In this year’s top two categories for film — best drama and best comedy — none are helmed by women and few even focus on women as the main stories. Drama includes 1917, The Irishman, Joker, Marriage Story, and The Two Popes. Of those, Noah Baumbach’s Marriage Story is the outlier which tells the complex, emotional divorce proceedings between characters played by Adam Driver and Scarlett Johansson. Comedy includes Dolemite Is My Name, Jojo Rabbit, Knives Out, Once Upon a Time… in Hollywood, and Rocketman. Rian Johnson’s Knives Out centers the “whodunnit?” film around actress Ana de Armas.

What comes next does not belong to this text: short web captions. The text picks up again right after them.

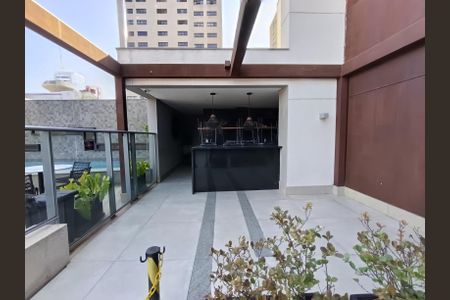 Apartamento para alugar com 36m², 1 quarto e sem vaga Apartamento para alugar com 36m², 1 quarto e sem vagaÁrea comum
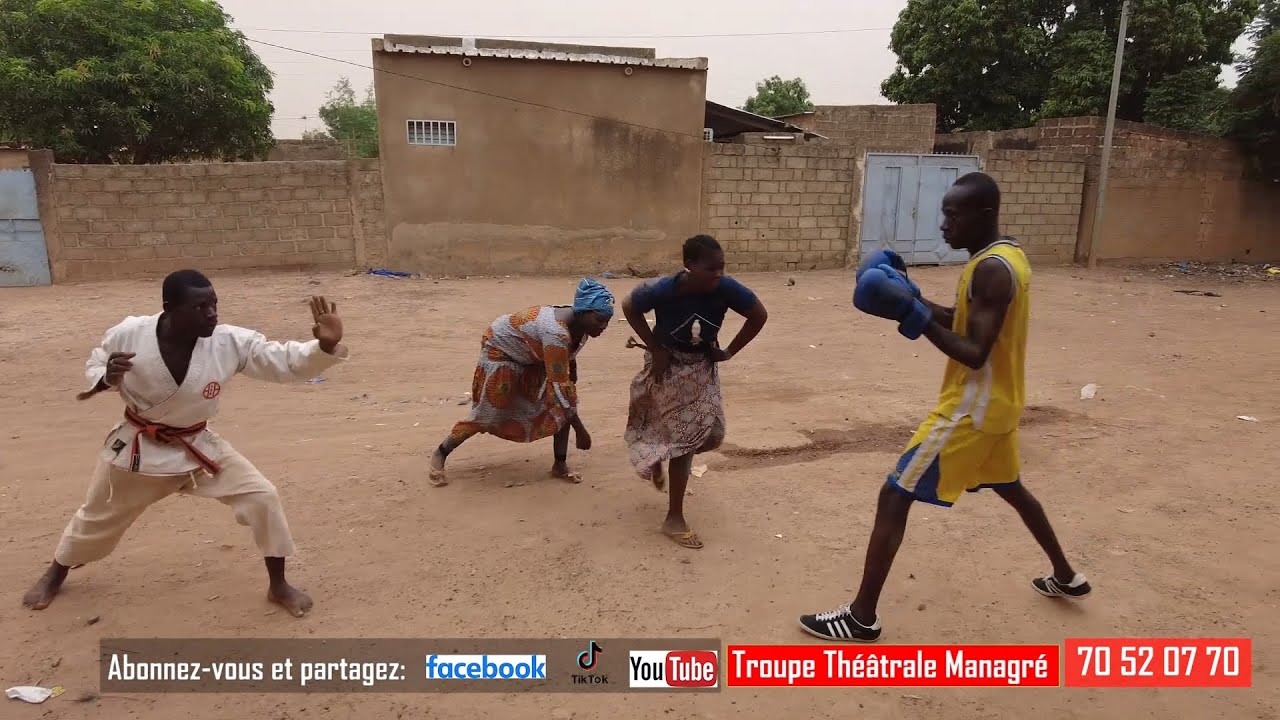 La Bagarre par procuration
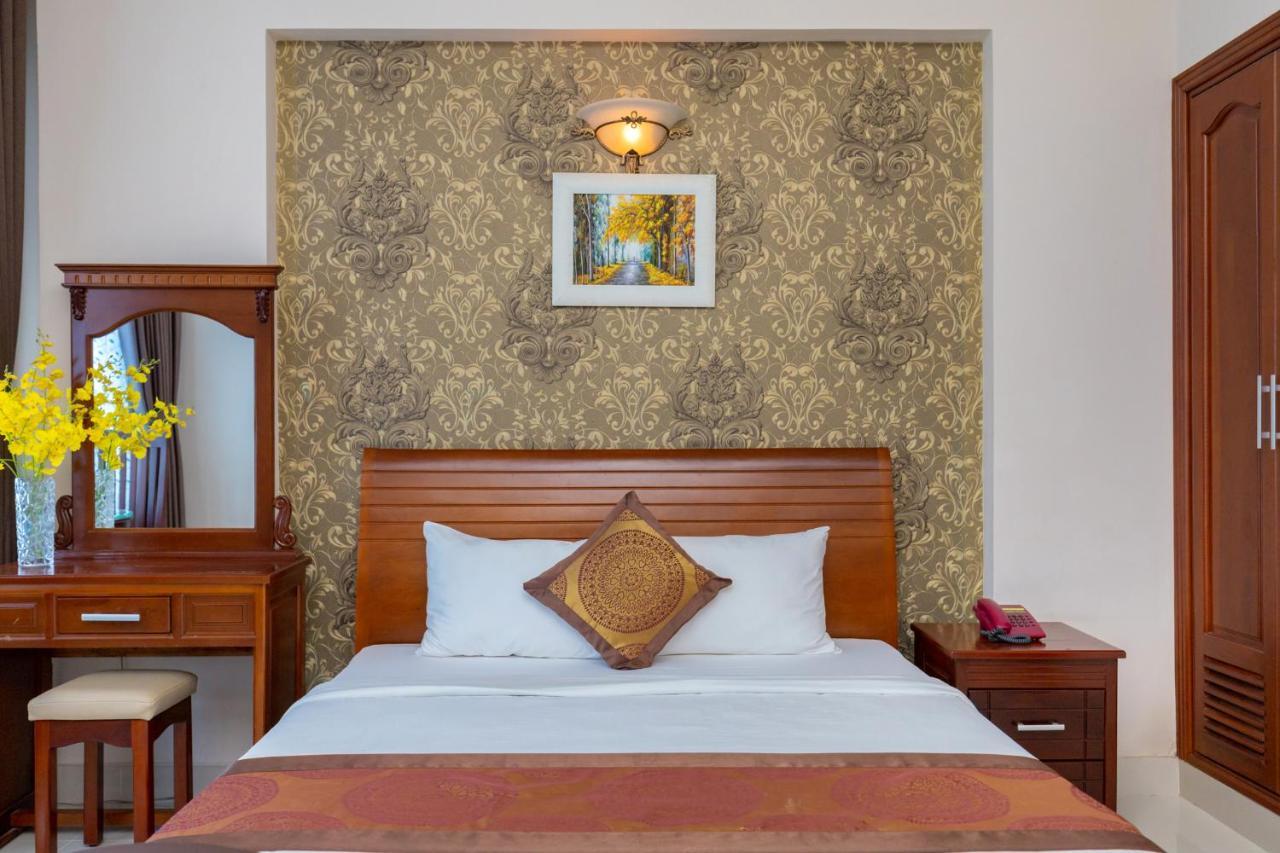 Queen Garden Hotel & Apartment Vung Tau Zewnętrze zdjęcie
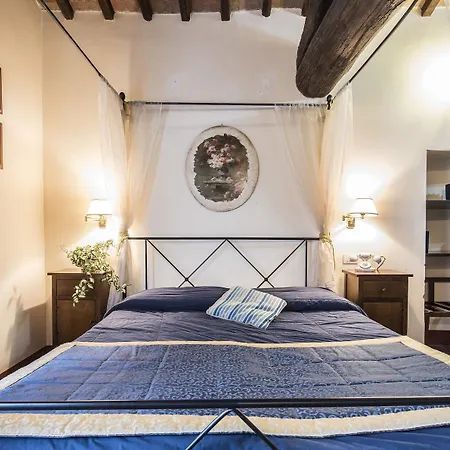לינה וארוחת בוקר Residenza D'epoca Palazzo Fani Mignanelli סיינה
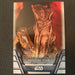 Star Wars Holocron 2020 - Sep-04 Poggle The Lesser Vintage Trading Card Singles Topps   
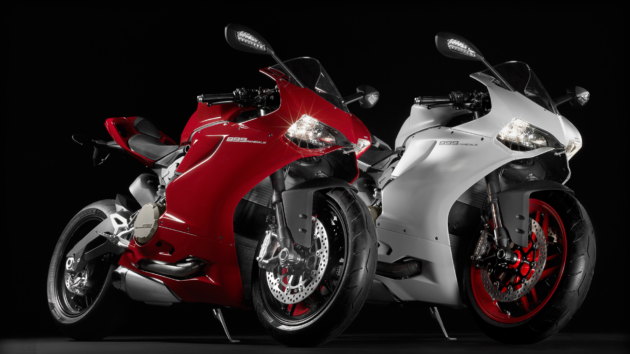 Ducati 899 Panigale vẻ đẹp khó cưỡng từ thiết kế hoàn hảo  2banhvn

Of the films directed by women in 2019, none earned more than two Golden Globe nominations. Gerwig’s Little Women received them for Saoirse Ronan’s performance and Alexandre Desplat’s original score, Wang’s The Farewell received one for Awkwafina’s performance and one for best foreign language film, Frozen 2 (co-directed by Jennifer Lee) earned nominations for best animated film and best original song, and Lemmons’ Harriet received nominations for Cynthia Erivo’s performance and original song. Those that earned one nomination each were Heller’s A Beautiful Day in the Neighborhood, for Tom Hanks’ performance; Wilde’s Booksmart, for Beanie Feldstein’s performance; Scafaria’s Hustlers, for Jennifer Lopez’s performance; Nisha Ganatra’s Late Night, for Emma Thompson’s performance; and Sciamma’s Portrait of a Lady on Fire, for foreign language film.

Many of these films and directors entered awards season with tremendous buzz from critics and pundits. The HFPA seems specifically behind the times with Gerwig, who was snubbed previously for directing Lady Bird and later earned a best director nomination for the Oscars. This year, Little Women has been glowing through the awards race. Since premiering at the Cannes Film Festival — where Sciamma won two top awards, including the coveted best screenplay honor — Portrait of a Lady on Fire felt like a frontrunner, with many critics hailing it as one of the year’s best films. Though it didn’t earn an impressive box-office haul, Wilde’s Booksmart struck a nerve with critics. Additional buzz has been focused around The Farewell and Hustlers.

Perhaps the Academy of Motion Picture Arts and Sciences will do better.